I'm not using one of those "mini PC firewalls off of Amazon" I have a small form factor PC by HP (Elitedesk 800 G2; Intel i3-6100).

I am getting a similar reboot loop on OPNsense 23.1.4_1-amd64, which is running within Proxmox with NICs passed through (Mellanox ConnectX-3 and Intel I219). This system has been running fine for nearly a year, and I cannot see any obvious underlying hardware issues. The PC itself is an Intel i5-7600 (consumer PC, not an all-in-one).

Observing the crash in the proxmox console, it happens too fast to read any messages (goes from console prompt to 'Guest not running'). I don't know opnsense/FreeBSD well enough to be able to find the relevant log files (/var/log/dmesg shows nothing of interest).

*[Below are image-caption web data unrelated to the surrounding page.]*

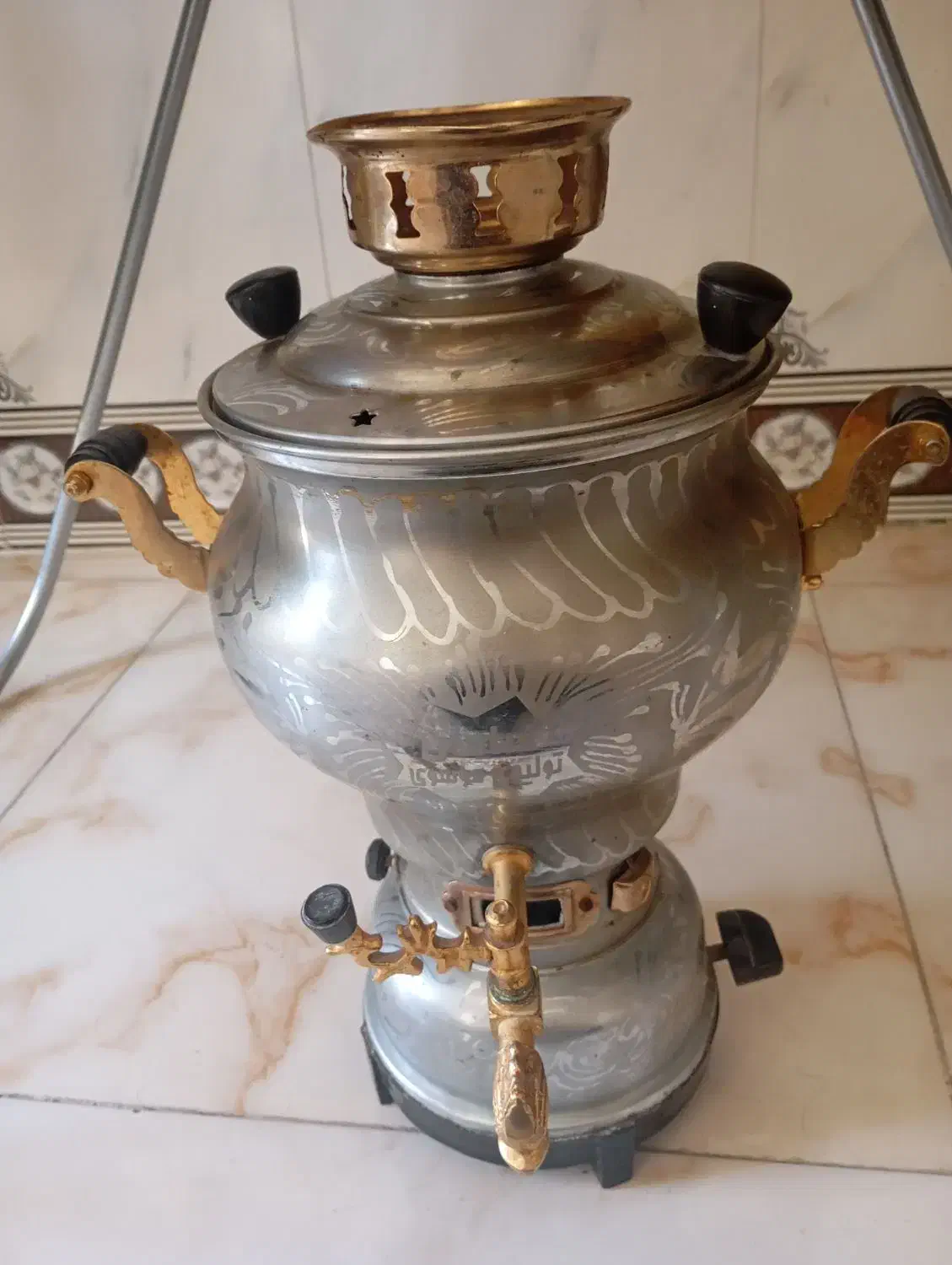 سماور 6 لیتری درحد نو سالم... هرسین|سماور، چای‌ساز، قهوه‌ساز|هرسین, |دیوار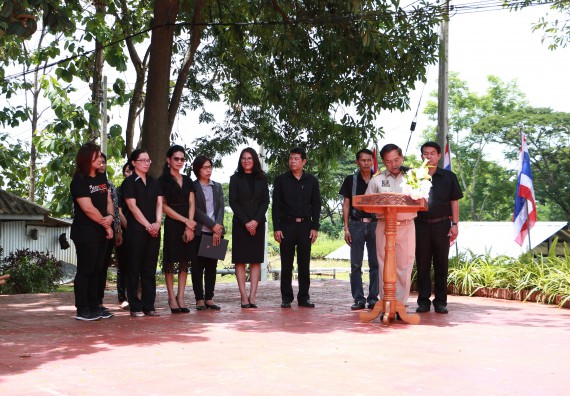 ภาพกิจกรรม ผู้บริหาร คณาจารย์และนักศึกษา คณะวิทยาศาสตร์และเทคโนโลยี เข้าร่วมโครงการขุดลอกคูคลองกำจัดวัชพืช และมหาวิทยาลัยสะอาดเฉลิมพระเกียรติสมเด็จพระเจ้าอยู่หัวมหาวชิราลงกรณ บดินทรเทพยวรางกูร เนื่องในโอกาสวันเฉลิมพระชนมพรรษา 65 พรรษา 28 กรกฎาคม 2560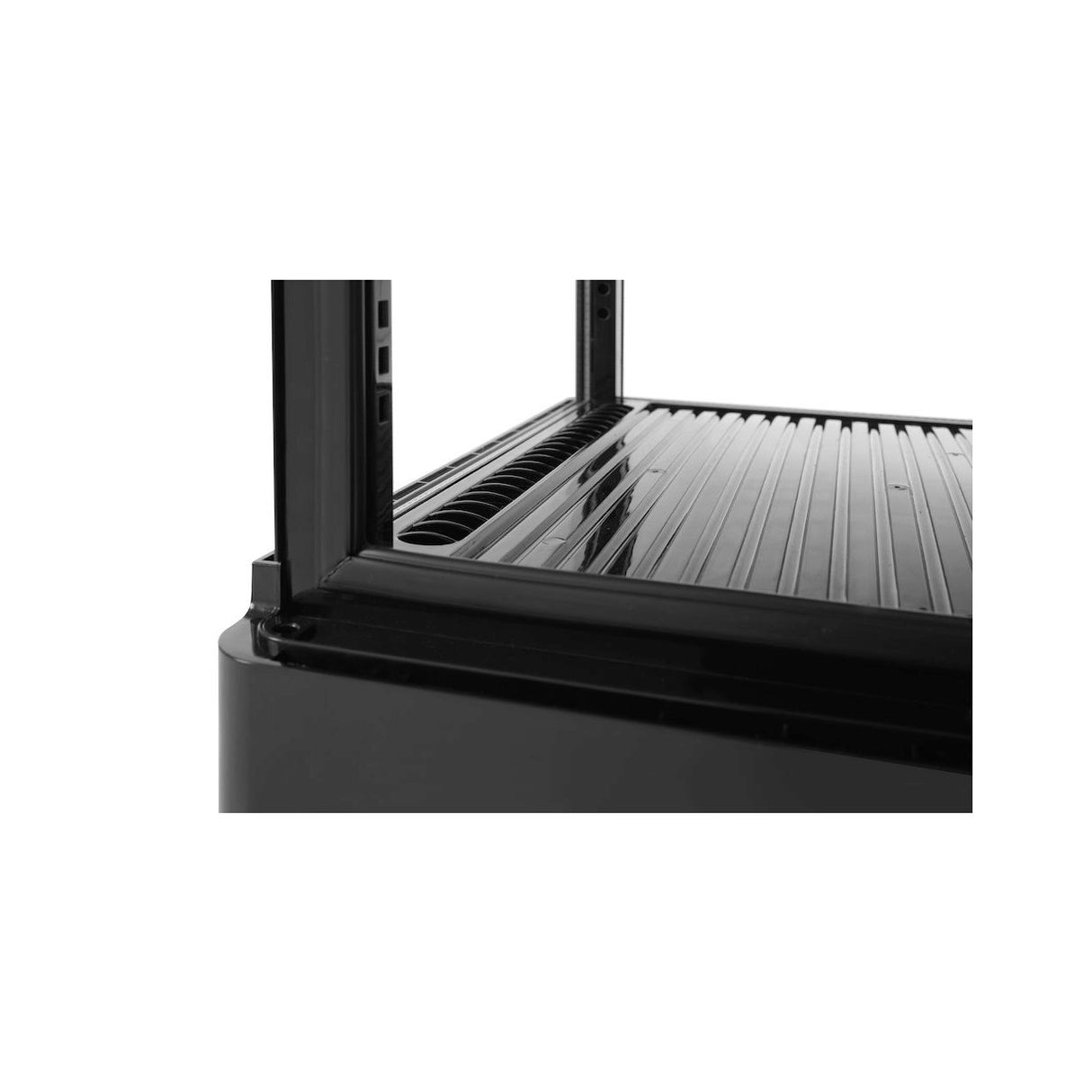 Vitrina rece pt prezentare, Negru, 68 lt, interval temp 2-6 gr C, 170 W, 3 rafturi reglabile pe inaltime, ARKTIC by Hendi, 452x406x(H)891 mm, Clasa energetica C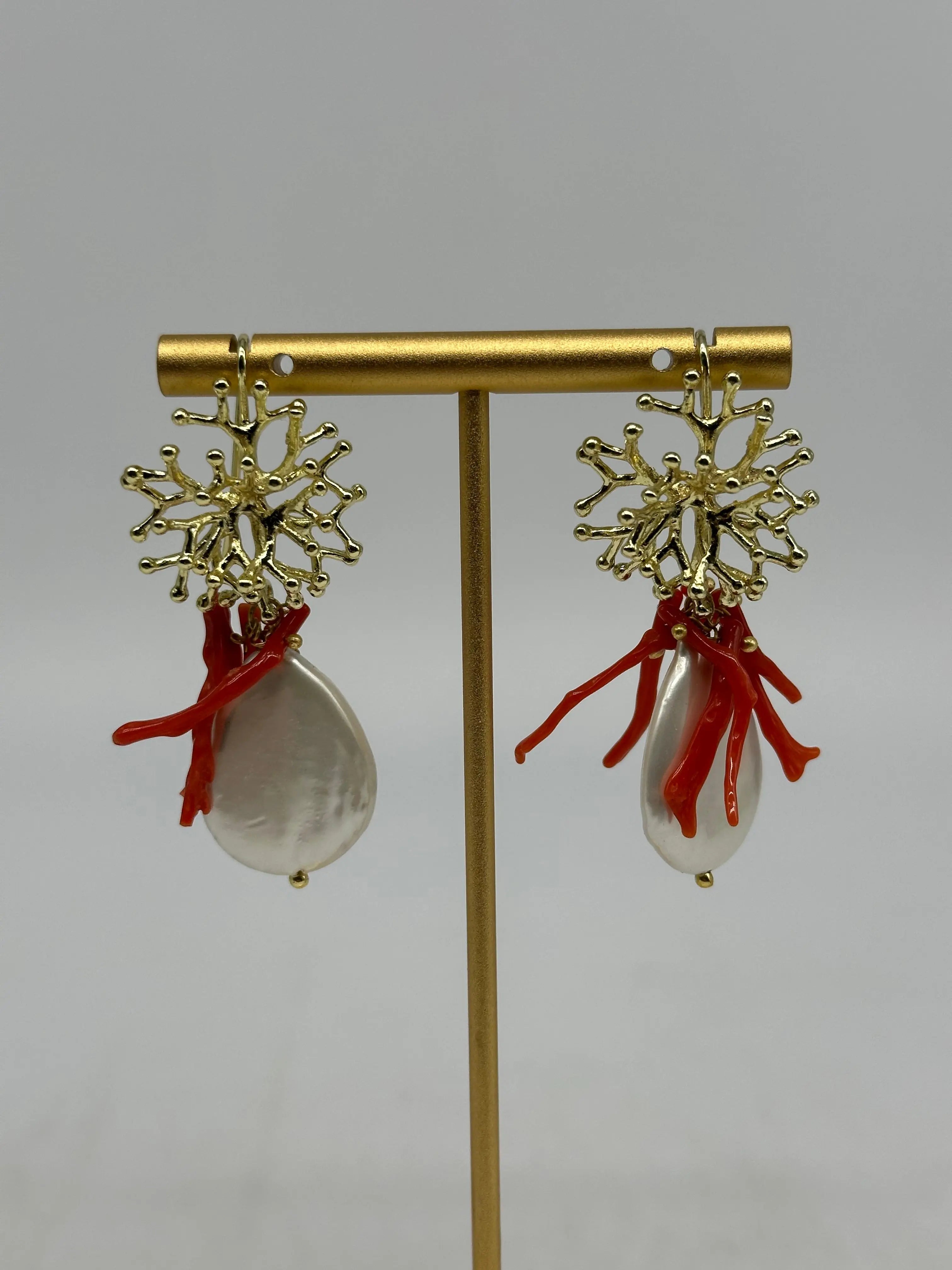 Orecchini Artigianali Perla Bianco e Rametti di Corallo DD CERAMICHE SICILIANE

Happy to help debug, just tell me where to look (log files etc).

April 06, 2023, 12:27:54 AM #14 Last Edit: April 06, 2023, 12:37:03 AM by steely.wing
I have this issue too, I installed on a mini PC, after setup the WAN using a VLAN, wait several minutes, OPNsense will crash and reboot, after reboot several minutes, it will reboot again.
If I down the WAN interface, it doesn't have crash in several hours.
I have done some memtest and disk check, there are no issue.
I can't find this issue report in Github, may be we should report in Github issue?